Device farms were first launched around 2007 with Nokia’s Remote Device Access service and a commercial offering provided by Mobile Complete. Various companies also had internal, private device farms. Since then there has been steady growth of device farms available for performing remote testing. These include services from XamarinTestdroidand SauceLabswhich changed the focus from hands-on remote testing to running automated tests on more devices in parallel. In 2015 both Amazon and Google launched internet-based test farms that may help to make the services less expensive and more mainstream. Amazon even provides a basic automated test service called fuzz as an option (although it appears to be more of a test monkey service).

Microsoft uses farms of virtual devices to run vast numbers of fully automated exploratory tests for thousands of apps for their mobile platform. The virtual devices enable them to run these tests quickly and very inexpensively. Their tests seek generic bugs that affect the apps rather than bugs related to specific devices.

Device farms can help scale your tests and provide you with access to a wider range of devices than you may have available locally. We predict there will be further acquisitions and developments so device farms can offer more comprehensive, integrated automated testing.

4) Static analysis

Static analysis assesses designs and files rather than running or testing the code. It is a useful complement to all the other forms of testing and can catch problems at the source, rather than once the app has been released.

Design reviews are a static analysis technique and remain useful in finding flaws in mobile apps. Similarly, code reviews, performed by developers who understand the relevant mobile platforms, can catch many bugs before they reach the application’s codebase.

Traditionally, when static analysis is applied to the software, static analysis assesses source code. However, for mobile apps in particular, static analysis is also used to assess generated code. The generated code may need to be extracted and decrypted from the binary application code. The main focus seems to be malware detection, privacy, and other security-related aspects of the app, something to consider when there is low trust of the developers, external libraries, or the development process.

The mobile app may include third-party source code and/or libraries. Consider reviewing them, because they will become an inherent part of the app with the same rights and privileges as the rest of the app. We don’t want the third-party code to adversely affect the user experience or the qualities of the app. In October 2015 Apple removed several hundred apps that included a rogue third-party library that breached privacy and Apple policies.
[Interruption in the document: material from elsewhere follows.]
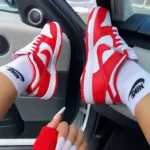 Premium Nike Sb Dunk Low University Red Shoes For Men (HOF845)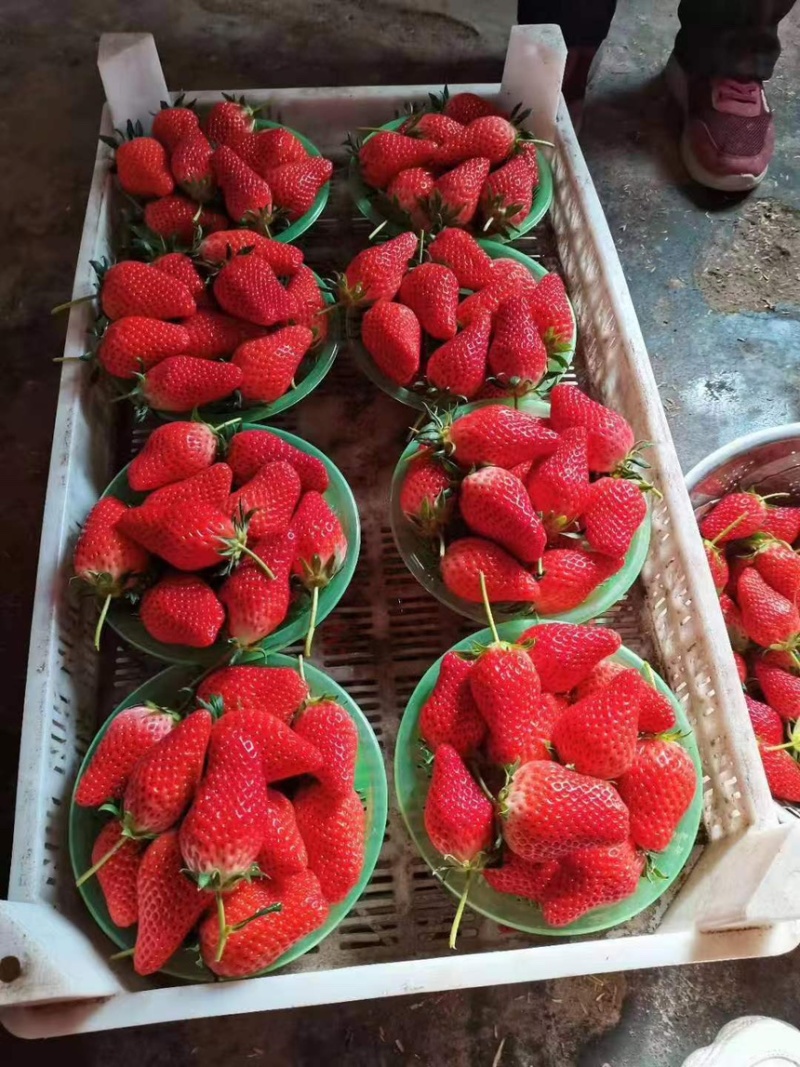章姬草莓大量预售品质好稳定供货欢迎长期合作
Facebook provides a free tool called fbinfer that is available for iOS and Android. The development tools (known as SDKs) also include static analysis capabilities. These can often be automatically run after each code check-in to help detect potential flaws and provide feedback before the developer has moved on to something else.

Limitations of these four proven ways

Each of these ways of improving testing helps in isolation, provided the results are used to actually amend and improve the app they help test. These ways can also be combined and, when done well, they help to complement and multiply the benefits.

However, even when projects apply static analysis techniques and tools and combine them with better interactive testing and brilliant test automation, where the testing has been scaled across people in various locations and where the automated tests run on globally distributed farms of devices, the testing will still miss some of what is relevant and useful. In particular, it might not assess how the app is used by the population of end users or how users perceive the app. These gaps mean the app is at risk of failing for end users in ways we are not able to predict and, ultimately, the app will be rejected and abandoned by many of the users we desire. Thankfully new techniques are emerging to help us fill these gaps by using analytics.

Read the rest of The Mobile Analytics Playbook to improve the quality, velocity, and efficiency of your mobile apps by learning how to use integrated mobile analytics and mobile testing.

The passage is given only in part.